> **The problem**: Copy the entries below word for word, minus the pictures.
═════ Source material
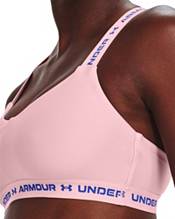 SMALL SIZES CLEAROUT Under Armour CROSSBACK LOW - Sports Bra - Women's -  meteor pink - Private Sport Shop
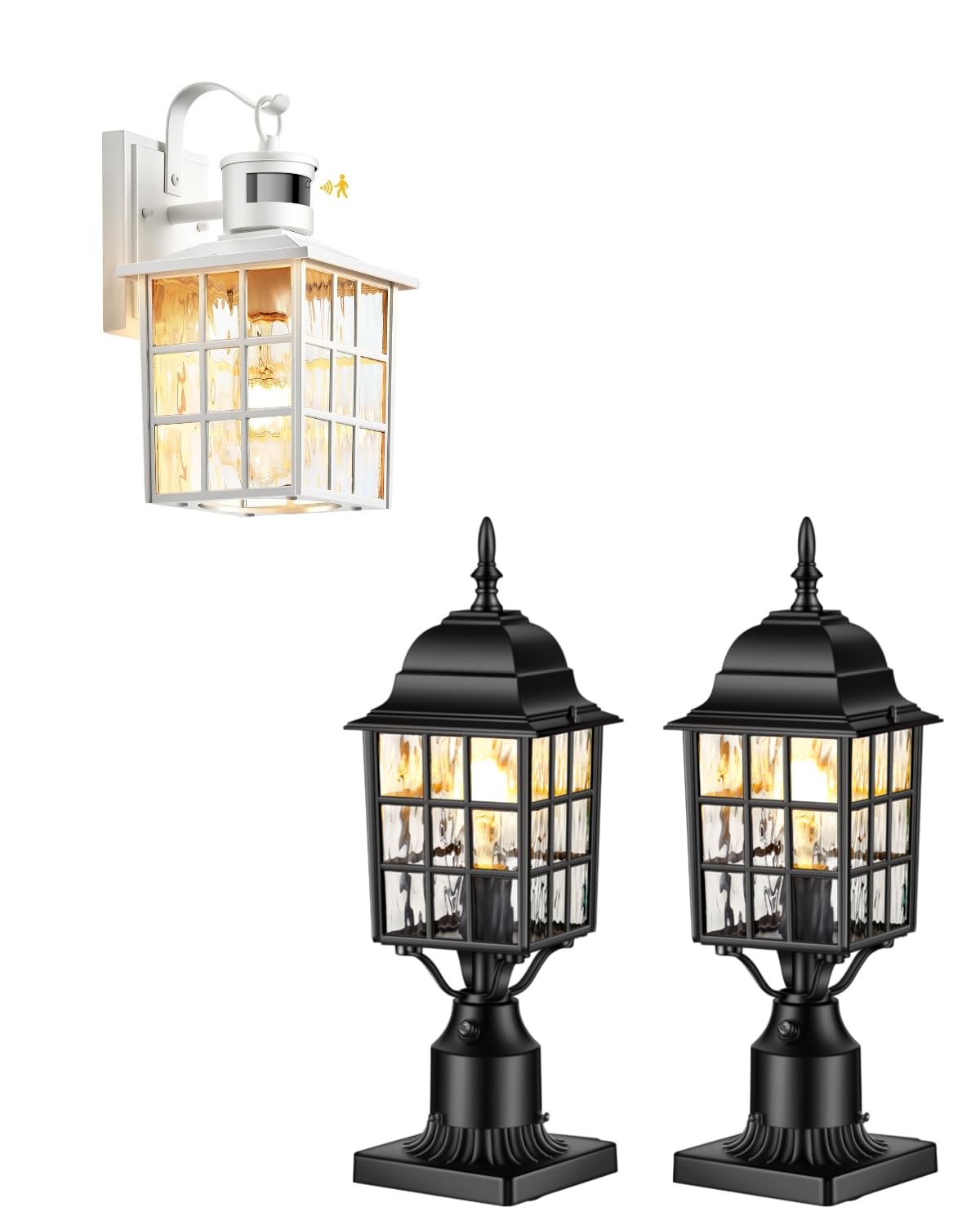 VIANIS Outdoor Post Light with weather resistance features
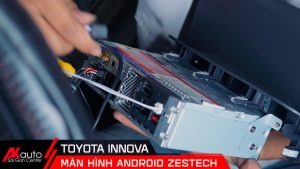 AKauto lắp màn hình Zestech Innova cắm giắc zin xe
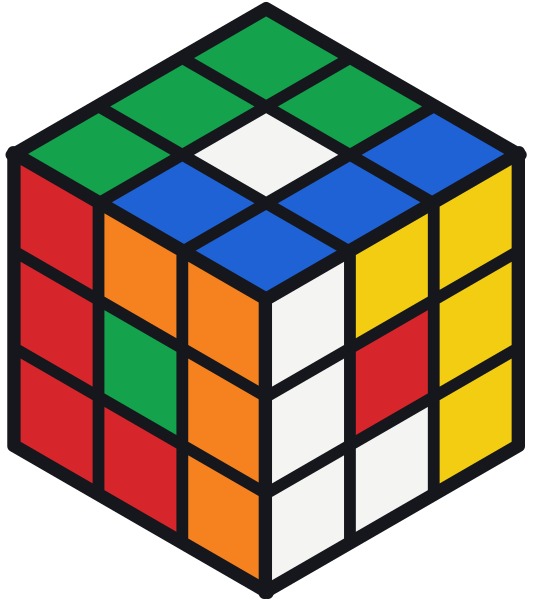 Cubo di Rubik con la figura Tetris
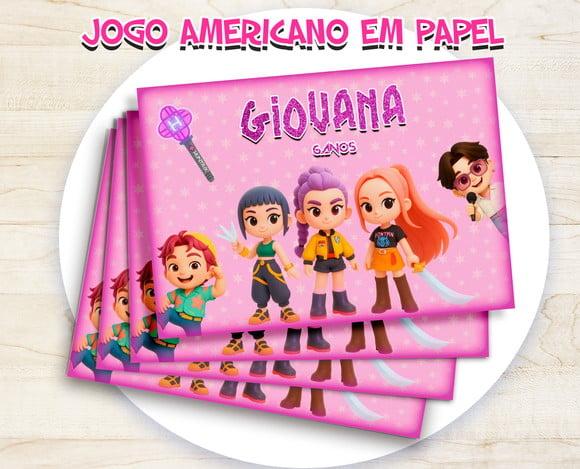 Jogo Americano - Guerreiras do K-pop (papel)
══════════
> **Written answer**:
 SMALL SIZES CLEAROUT Under Armour CROSSBACK LOW - Sports Bra - Women's -  meteor pink - Private Sport Shop
 VIANIS Outdoor Post Light with weather resistance features
 AKauto lắp màn hình Zestech Innova cắm giắc zin xe
 Cubo di Rubik con la figura Tetris
 Jogo Americano - Guerreiras do K-pop (papel)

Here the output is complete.